- Born: 15 June 1936 Kyiv, Ukrainian SSR, Soviet Union
- Died: 24 February 2026 (aged 89) Israel
- Occupations: Conductor; Violinist; Composer; Music educator;
- Organizations: Kyiv Chamber Orchestra; Kyiv Conservatory; Beethoven Orchester Bonn;
- Awards: People's Artist of Ukraine; Order of Merit of the Federal Republic of Germany;

= Roman Kofman =

Ukrainian conductor and composer (1936–2026)

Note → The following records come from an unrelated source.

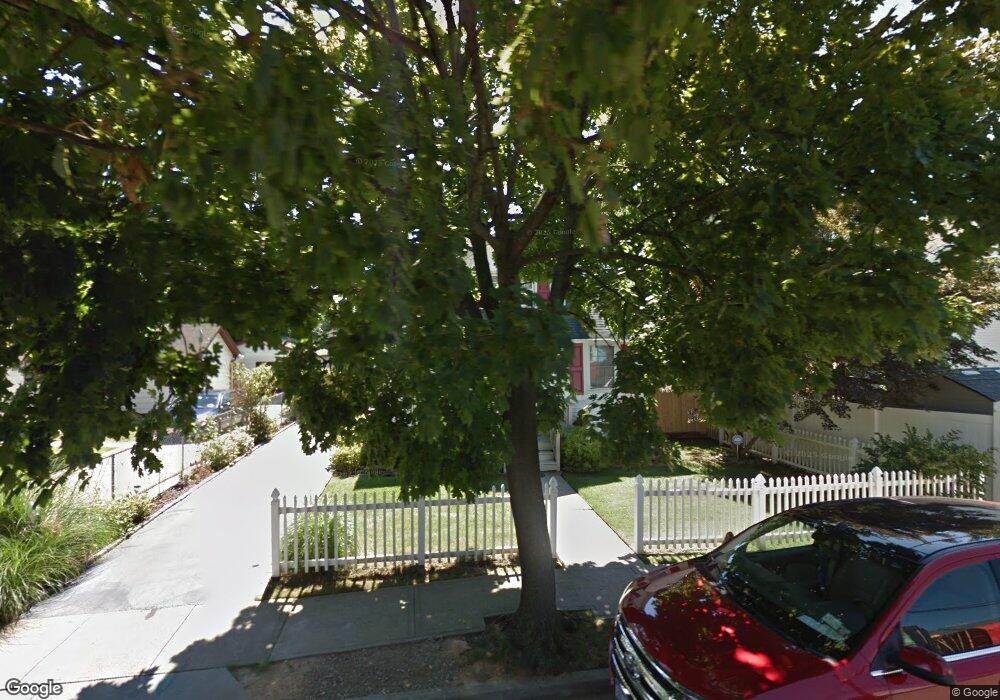 884 Clay St, Baldwin, NY 11510 - photo 1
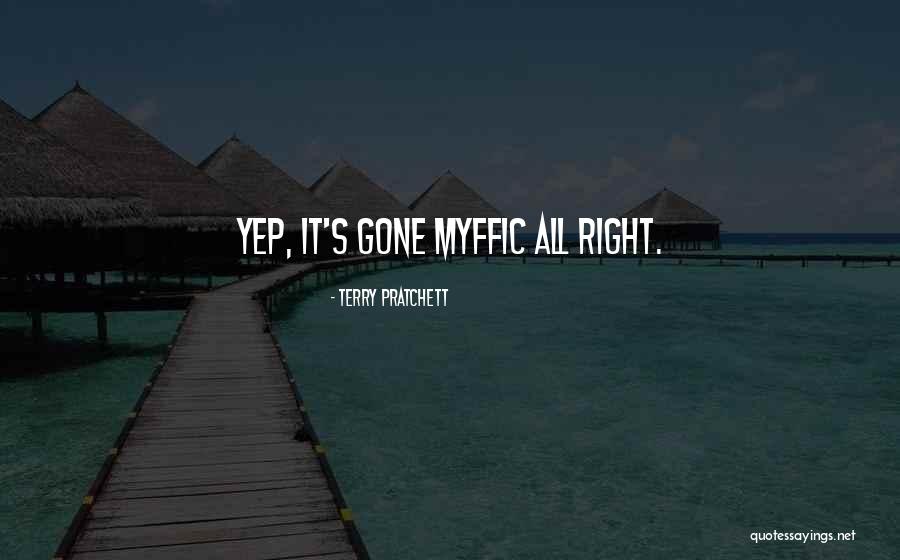 Harinath Jha Quotes By Terry Pratchett Harinath Jha Quotes By Terry Pratchett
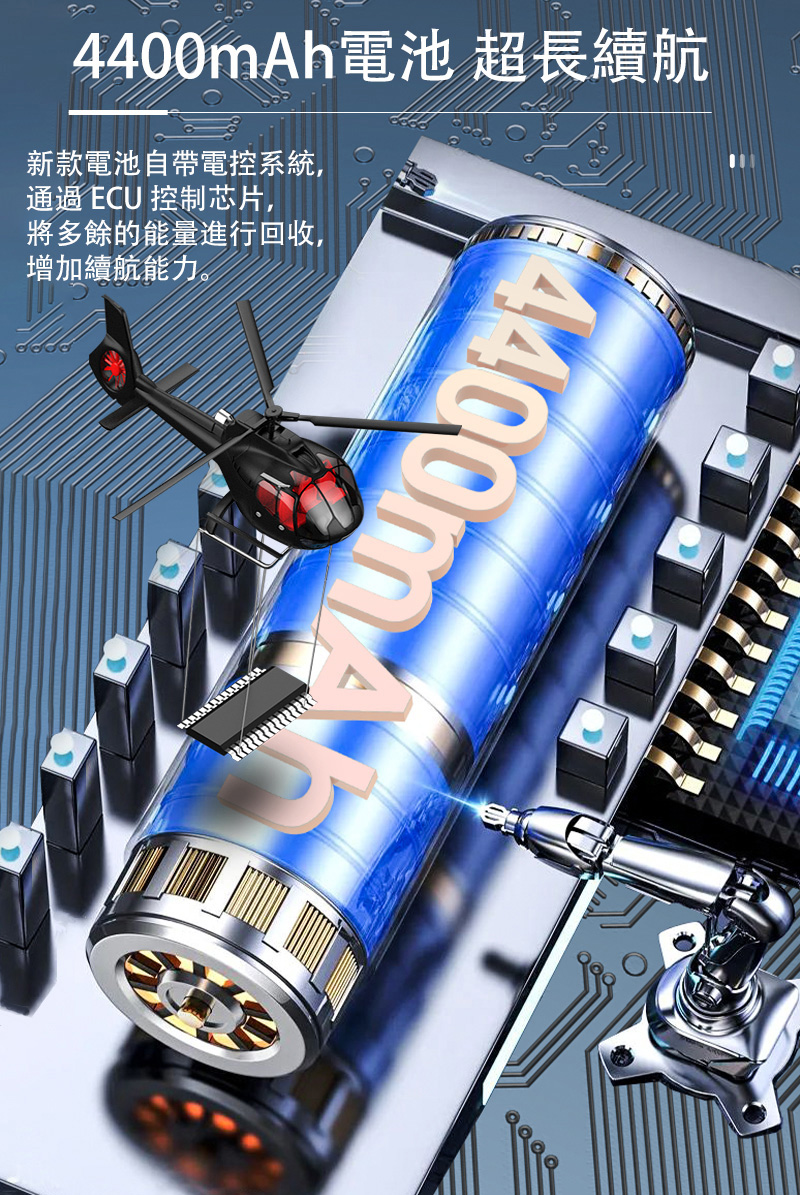 【U-station】NECKFAN 頸掛製冷風扇 FA12 半導體掛脖渦輪風扇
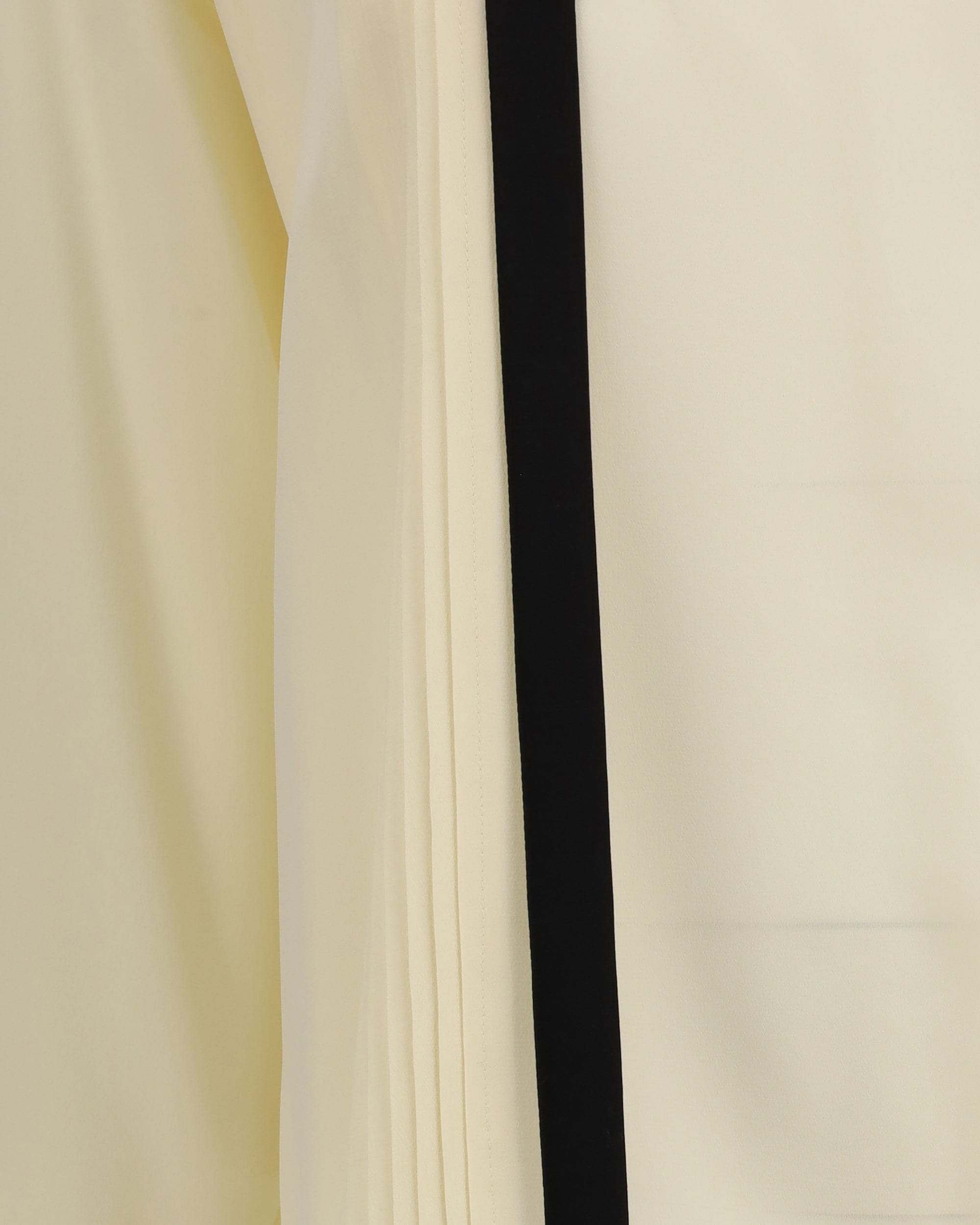Max Mara Silk Blouse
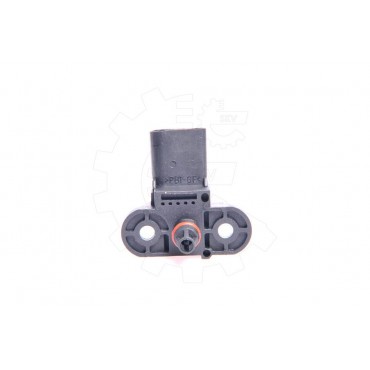 Capteur de Pression du Tuyau d'Admission Pour VW Audi A3 A4 Seat Skoda 03D906051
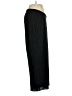 ASOS 100% Polyester Black Casual Pants Size 10 - photo 4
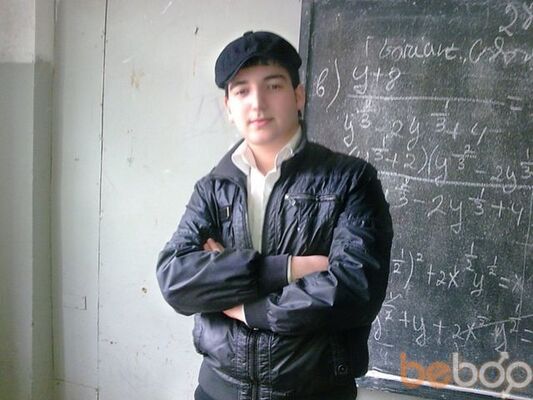  ,   VUSAL, 34 ,   ,   , c 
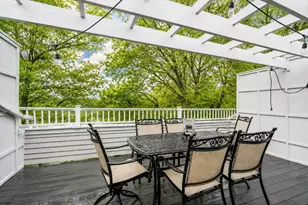 78 Summer St, Arlington, MA 02474 - Photo 20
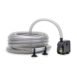 EDEN CDA 600 water change system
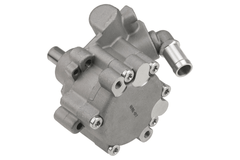 Hydraulikpumpe Lenkung für RENAULT TRAFIC II Kasten Pritsche/Fahrgestell Bus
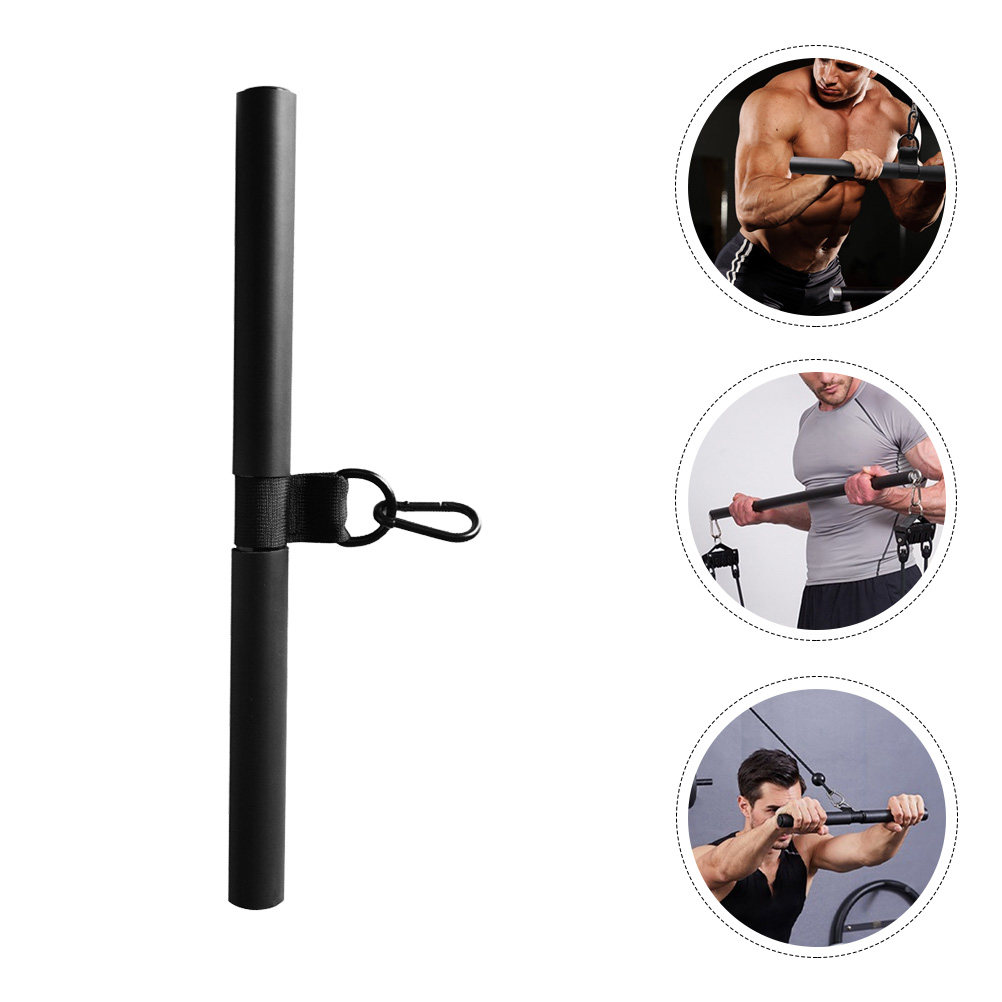 Pull Down Bar Fitness Equipmen - Home Gym Gym Equipment recensie en prijs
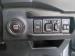 Suzuki Vitara Brezza 1.5 GLX - Thumbnail 19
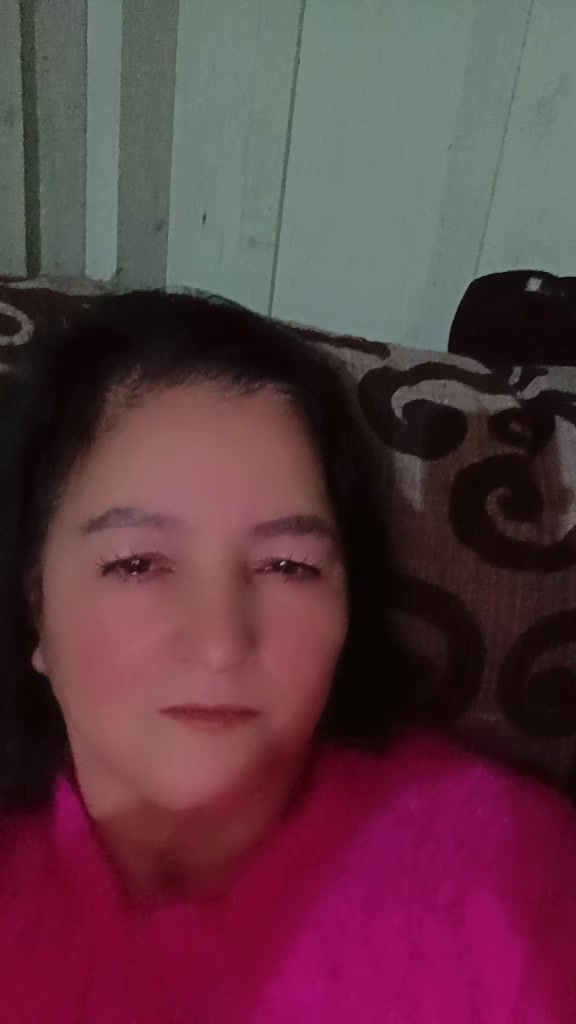 @selma de lima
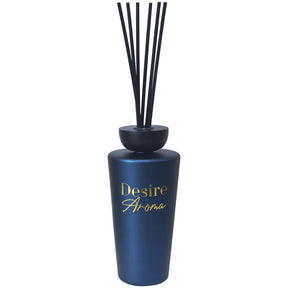 Desire Aroma Reed Diffuser 500ml - Various Fragrances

Roman (Avraham) Isaakovych Kofman (Роман (Аврaам) Ісаaкович Кофман, 15 June 1936 – 24 February 2026) was a Ukrainian conductor, violinist, composer, music educator and People's Artist of Ukraine (2003). He was internationally known as concertmaster, co-founder and later artistic director of the Kyiv Chamber Orchestra, and as Generalmusikdirektor of the Beethoven Orchester Bonn from 2003 to 2008, when he was awarded the Order of Merit of the Federal Republic of Germany. He was principal conductor of the National Philharmonic of Ukraine from 2012.

==Life and career==
Roman (Avraham) Isaakovych Kofman was born on 15 June 1936 in Kyiv, Ukrainian SSR. He graduated from the State Conservatory (now the Ukrainian National Academy of Music) with a degree in violin, and a degree in conducting. He soon worked also in the Soviet Union and especially regularly at the Warsaw Opera, but was restricted from work in Western countries from 1973 to 1989. From 1963, he worked as a concertmaster of the Kyiv Chamber Orchestra that he co-founded.

As a conductor, he performed with more than 70 orchestras and ensembles from around the world, in Italy, Austria, Canada, Mexico, the Netherlands, and the United States. He conducted the WDR Symphony Orchestra Cologne, the Bern Symphony Orchestra, orchestra of the Bayerischer Rundfunk, and the Munich Philharmonic.

Between 2003 and 2008, Kofman worked in Germany as the Generalmusikdirektor in Bonn, leading the Beethoven Orchester Bonn and the Bonn Opera, in his first season there conducting Alban Berg's Lulu and Verdi's Macbeth. He programmed all of the Shostakovich symphonies during his tenure.

Kofman was the principal conductor of the Kyiv Chamber Orchestra from 1990 until his death in 2026. He led the symphony orchestra of the National Philharmonic of Ukraine from 2012. Kofman also composed film music. In 2011, he published a literary book containing two short autobiographical novels.

Kofman died on 24 February 2026, at the age of 89.

==Awards==
Kofman was awarded the titles of Merited Artist of Ukraine and People's Artist of Ukraine. He was also awarded the Officer’s Cross First Class of the Order of Merit of the Federal Republic of Germany. He received the Echo Klassik award in 2007, and in 2011 was shortlisted for the Shevchenko National Prize.